Can anyone explain me why using specifier alignas
it is not possible to create buffer on stack which contains 2 bytes and aligned strictly by specified alignment(not more and not less)?
To be clear what I mean here is code snippet:
#include <cassert>
#include <cstddef>
#include <cstdint>
int main()
{
// create buffer on stack which contains 2 bytes and aligned by boundary of 1 byte
alignas(1) std::byte buf[2]{};
// convert pointer to first byte in the buffer to unsigned integer
const auto buf_ptr_as_uint = reinterpret_cast<std::uintptr_t>(buf);
// expect that address of first byte in the buf aligned by boundary of 1 byte(not 2)
// namely I expect that last bit of buf_ptr_as_uint should be equal to 1
// but this is not true. assert is always being triggered.
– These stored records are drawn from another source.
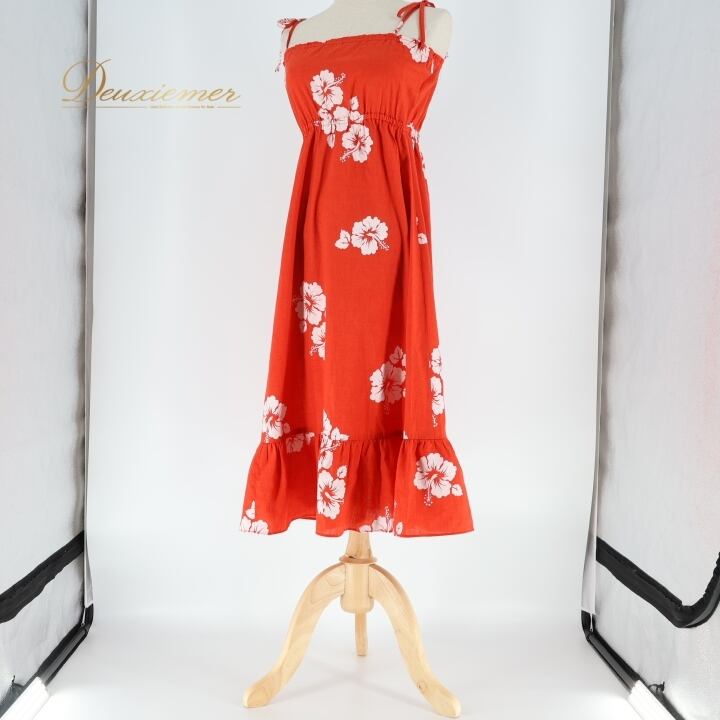 フラダンス 衣装 ワンピース ドレス レッド系 ハイビスカス柄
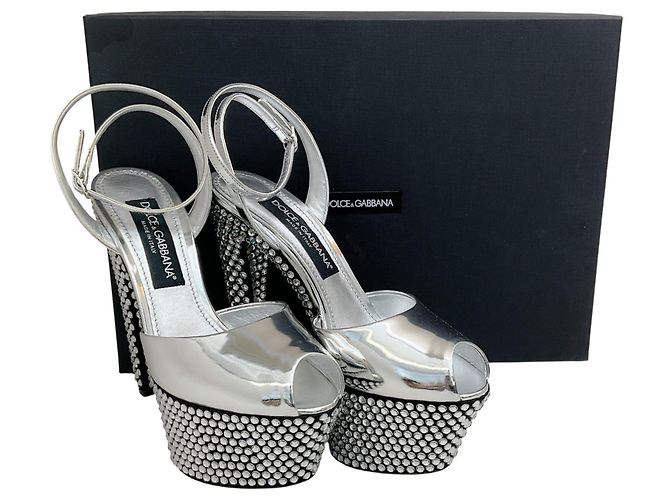 Sandali con piattaforma in pelle specchiata decorati con cristalli Dolce & Gabbana Argento - vista 6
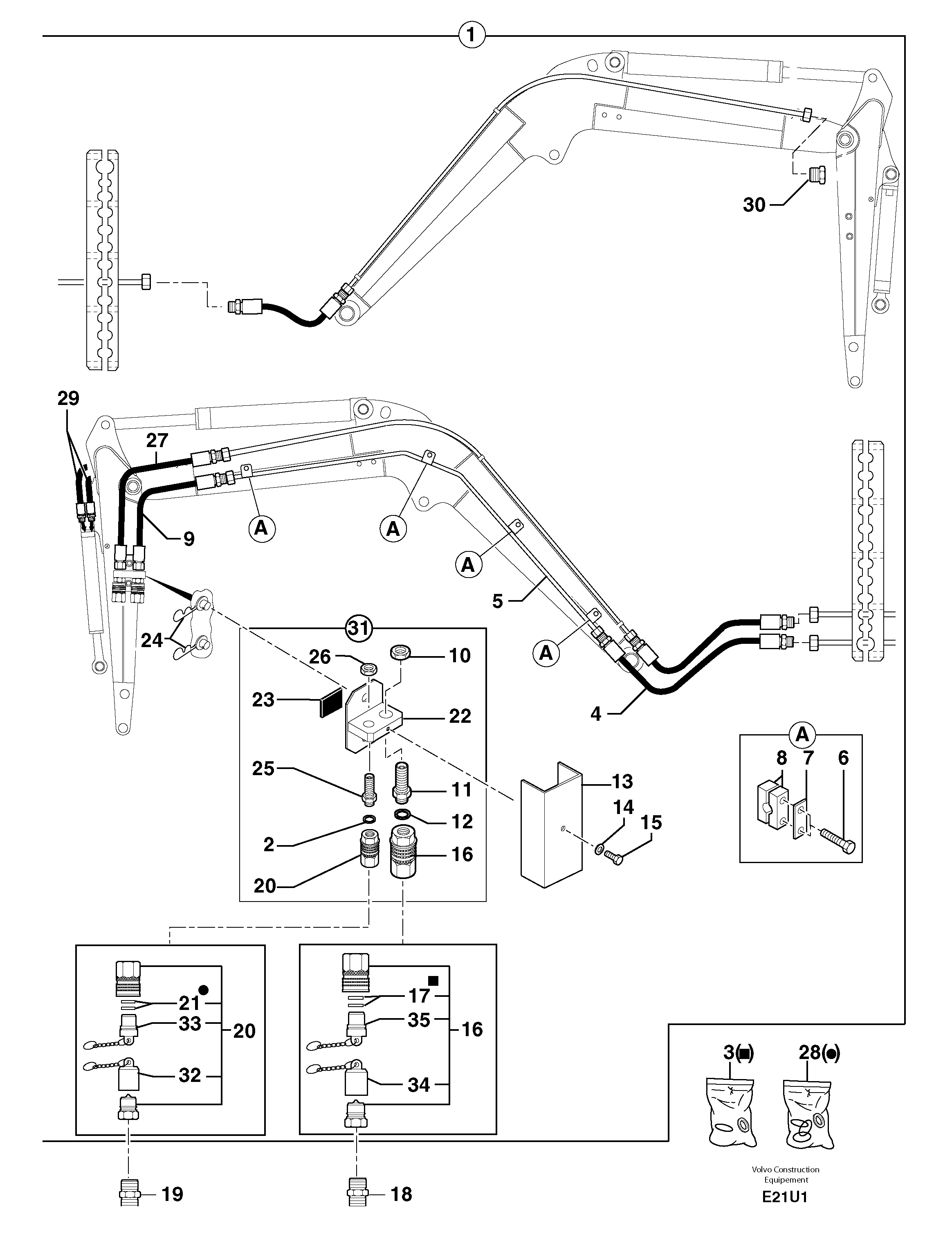 Hydraulic circuit ( accessories - 90 l/min ) — volvo parts diagram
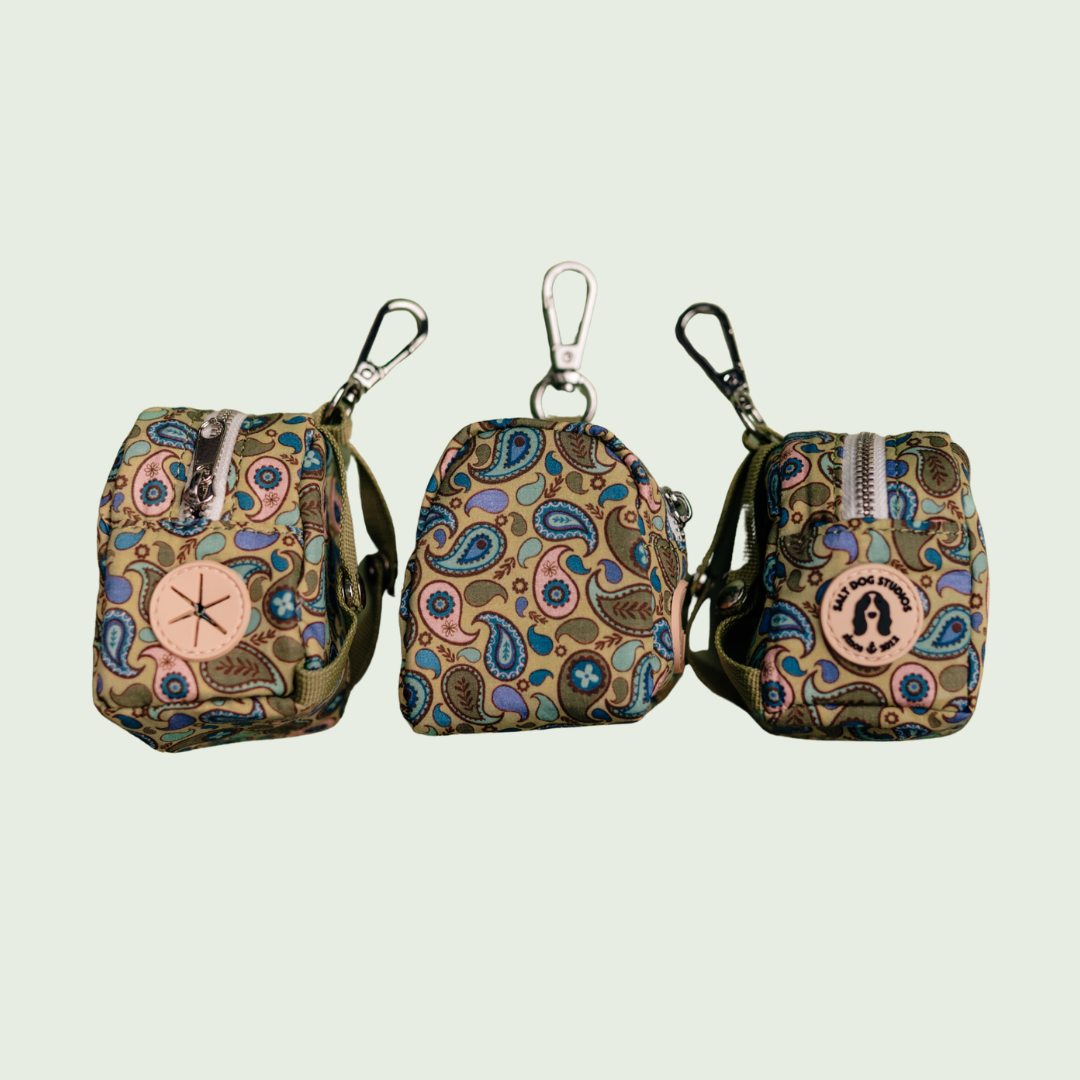 Paisley dog poo bag holder with blue, green and yellow paisley print, shown from three angles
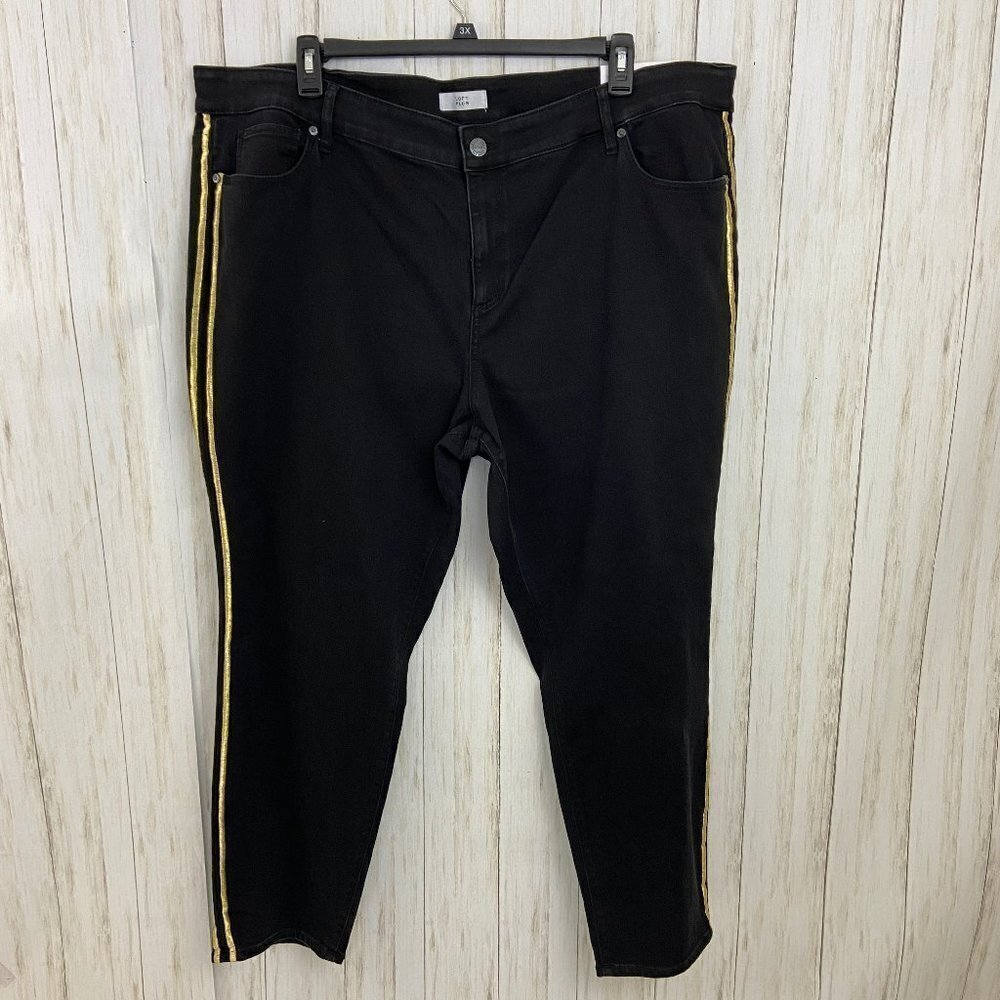 Loft Plus Black Modern Skinny Shimmer Stripe Side Hem Jeans Size 26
assert((buf_ptr_as_uint & 1));
}
I understand that any address which is aligned by boundary of 2 bytes is already aligned by boundary of 1 byte. But even so I was expecting that "alignas" should align my buffer exactly according to the specified alignment especially considering that requirement for alignment of std::byte
should allow to satisfy my will to align buf
strictly by 1 byte boundary.
So my question is: why alignas
works in this way? And is there a way to force compiler to align my buffer strictly by specified alignment(besides allocating bigger buffer and skipping bytes inside it)? Or am I missing something?
alignas
only specifies that the object's address must be aligned at least as strict as it specifies.
why alignas works in this way?
Because the point of alignas
is to make sure that the buffer/storage is usable to place objects there which have certain alignment requirements. For that it doesn't matter whether the buffer is also aligned for other types with higher alignment requirement (and even if it did, usually you'd want to have your memory be aligned for more, not less, types).
What is the point of intentionally misaligning for types that have a higher alignment requirement as stated in the alignas
specifier and likely forcing the compiler to waste space in the process? I do not see any use case.
And is there a way to force compiler to align my buffer strictly by specified alignment(besides allocating bigger buffer and skipping bytes inside it)?
There isn't. What you suggest is the way to do it. The compiler couldn't implement it any other way either.